It is important to note that you can list more than one collection to search in the Collection parameter of CFSEARCH.  This is especially useful because you may have more than one index of information you might want to search simultaneously for the same keywords.  

 

Here is an example of a working CFSEARCH.  It searches two collections (Collection1 and Collection2) for any records that contain the word Bethesda and a word starting with the letters C-O-H but that does NOT contain the word Eron:

 

<CFSEARCH name=”this_search” Collection=”Collection1, Collection2” Type=”Simple”

            Criteria=” Coh* and Bethesda NOT Eron”>

 

Naturally, in the real world, you would probably have a form field or some other mechanism for ascertaining the search criteria.  If the CFSEARCH tag is successful in finding any records, it will return the value that you Specified in the KEY field when you CFINDEX’ed.  After the CFSEARCH tag is run, these fields will be available in a field called KEY.  So for instance if I wanted a list of the record IDs returned from the search above, I could access #this_search.key#.  In other words, after you run CFSEARCH, the results are treated the same as any database query would be. You could do something to this to output all the values from the key field:

 

<CFOUTPUT query=”this_search”>

#key#

</CFOUTPUT>

 

Or better yet, you could just access them all at once using the valuelist() function:

 

<CFSET my_query_results=valuelist(this_search.key)>

 

These values could then be used to recall the actual records from the database using the SQL “IN” command:

 

<CFQUERY name=”the_results” datasource=”my_database”>

 

Select *

From my_table

Where customer_ID IN (#val(my_query_results)#)

 

</CFQUERY>

 

You will need to develop some sort of appropriate interface to handle and display the results of the search.  The CFSEARCH tag will return a few other useful fields to help you with this:

 

·        KEY — the value of the KEY attribute defined in the CFINDEX tag used to populate the collection. In our case the filename and path.
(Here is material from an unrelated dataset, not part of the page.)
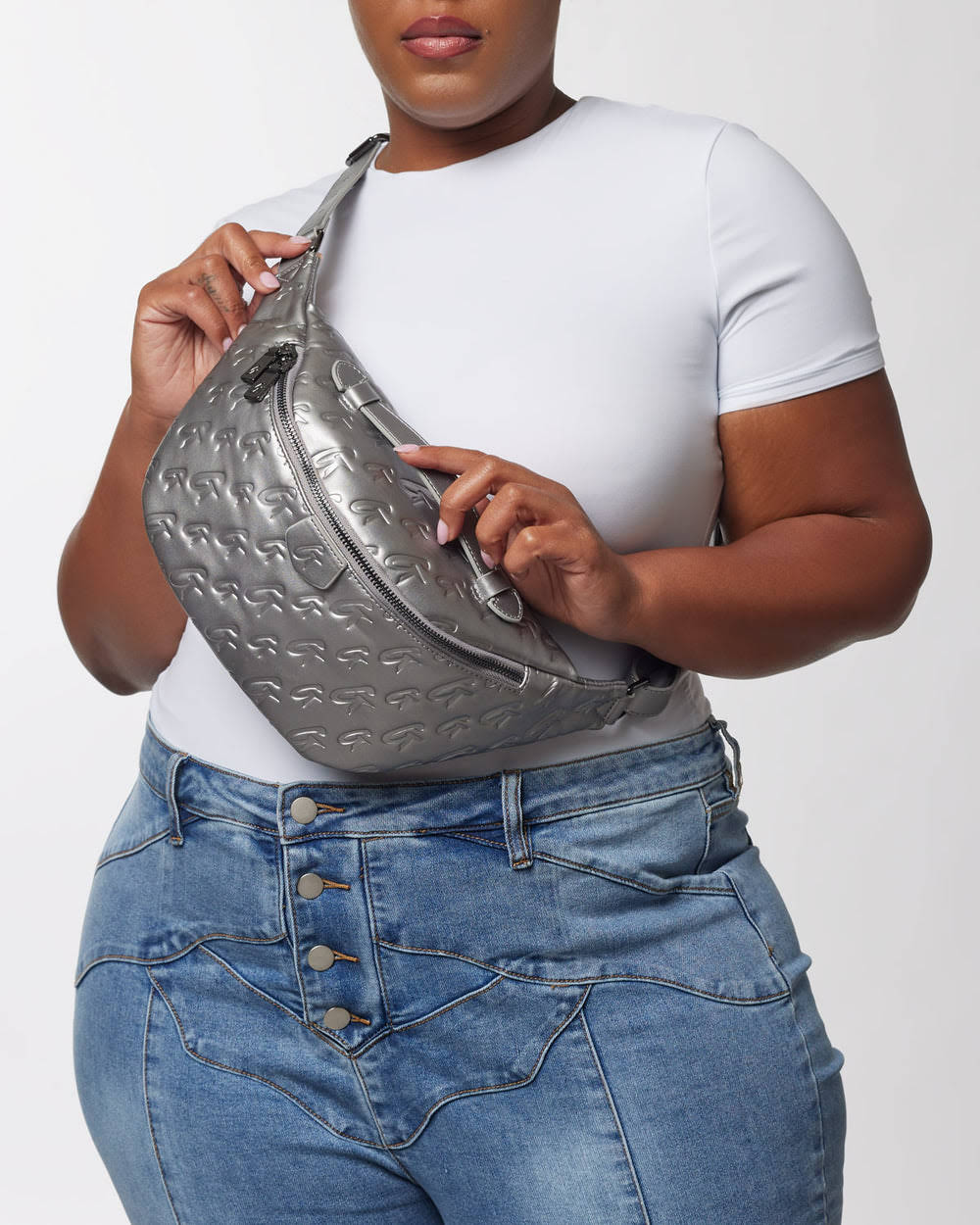 Vegan Leather Belt Bag - Platinum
·        TITLE — Returns the value of the TITLE attribute defined by the <TITLE> HTML tag in any HTML or ColdFusion application page file that was indexed by CFINDEX. If the collection was TYPE=CUSTOM, TITLE returns the value of the TITLE attribute defined by the CFINDEX tag. If the collection was TYPE=FILE, TITLE also returns the value of the TITLE attribute defined by the CFINDEX tag.

·        SCORE — Returns the relevancy score of the document based on the search criteria from 0 to 100.

·        URL — Returns the value of the URLPATH attribute defined in the CFINDEX tag used to populate the collection.

·        SUMMARY - the best three sentences or 500 characters of documents returned by a search.

·        CUSTOM1, CUSTOM2 - user defined key fields—these can be extremely important in helping you determine where the information being returned came from.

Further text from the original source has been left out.